“The Art of Loving” is a 1956 book by psychoanalyst and social philosopher Erich Fromm, which was published as part of the World Perspectives Series. Fromm presents love as a ‘skill‘ that can be taught and developed, rejecting the idea of loving as something magical and mysterious that cannot be analysed nor explained, and is therefore skeptical about popular ideas such as “falling in love” or being helpless in the face of love.
“I want the loved person to grow and unfold for his own sake, and not in his own ways, and not for the purpose of serving me”.

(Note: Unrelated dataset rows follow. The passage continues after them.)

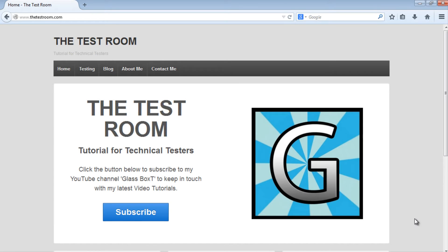Hi and welcome back to ClassBoxed writing automated Java tests using WebDriver. Today we're going to have a look at using the Logger class - what it is, why you would want to use it, and how to use it.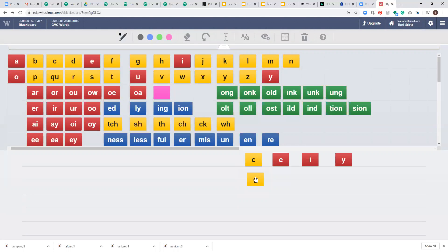So let's practice with a few. Let's do the word advice. Ad-vice. A-d-v-i-c-e. Okay?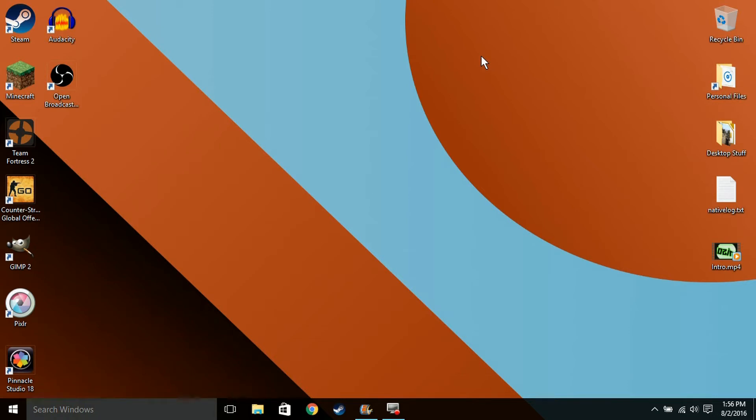Hello everyone, TozenMC here. So today I'm going to show all of you guys how to install Optifine into Minecraft. I'm not going to waste your time, so let's get started.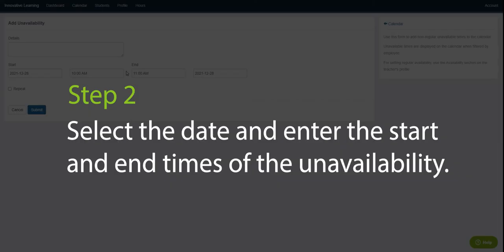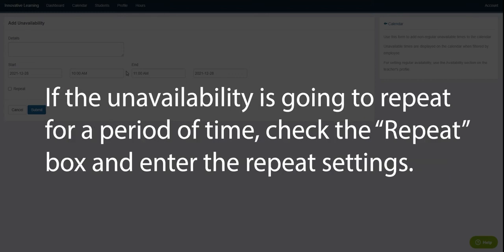Step two, select the date and enter the start and end times of the unavailability. If the unavailability is going to repeat for a period of time, check the repeat box and enter the repeat settings.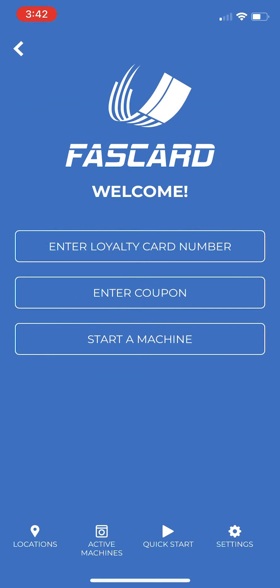The next thing you have to do is associate your new FastCard account with the laundry location you plan to use it. If you have a physical laundry card, you can select that option and enter the number. In this example, we're going to use the Enter Coupon option.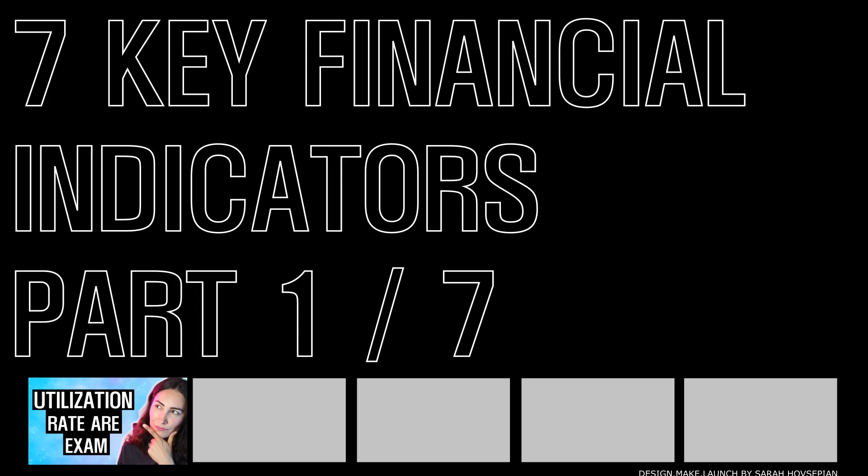This video is a continuation of the Utilization Rate Part 1 video, specifically the practice section where we finally get to practice a problem together and see how this relates to our own work.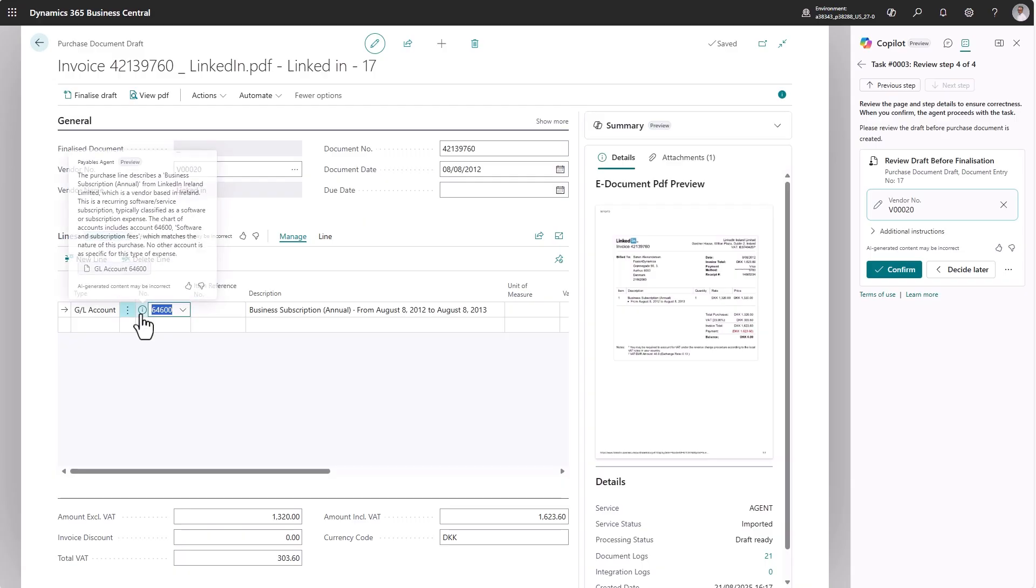I can click that, and I can now see why the agent thinks this account from the chart of accounts is the best match for this type of expense.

Because modern humans are alienated from each other and from nature, we seek refuge from our lonesomeness in romantic love and marriage . However, Fromm observes that real love “is not a sentiment which can be easily indulged in by anyone.” It is only through developing one’s total personality to the capacity of loving one’s neighbor with “true humility, courage, faith and discipline” that one attains the capacity to experience real love. This should be considered a rare achievement . Fromm defended these opinions also in interview with Mike Wallace when he states:
“love today is a relatively rare phenomenon, that we have a great deal of sentimentality; we have a great deal of illusion about love, namely as a…as something one falls in. But the question is that one cannot fall in love, really; one has to be in love. And that means that loving becomes, and the ability to love, becomes one of the most important things in life.”
“Loving oneself is quite different from ‘arrogance, conceit or egocentrism’“. Loving oneself defines along the lines of caring about oneself and taking responsibility for oneself, respecting oneself, and knowing oneself, for example, being realistic and honest about one’s strengths and weaknesses in awe for giving constructive criticism. In order to be able to truly love another person, one needs first to love oneself in this way. Fromm calls the general idea of love in contemporary Western society égoïsme à deux: a relationship in which each person is entirely focused on the other, to the detriment of other people around them. The current belief is that a couple should be a well-assorted team, sexually and functionally, working towards a common aim. This is in contrast with Fromm’s description of true love and intimacy, which involves willful commitment directed toward a single unique individual. One cannot truly love another person if one does not love all of mankind including oneself.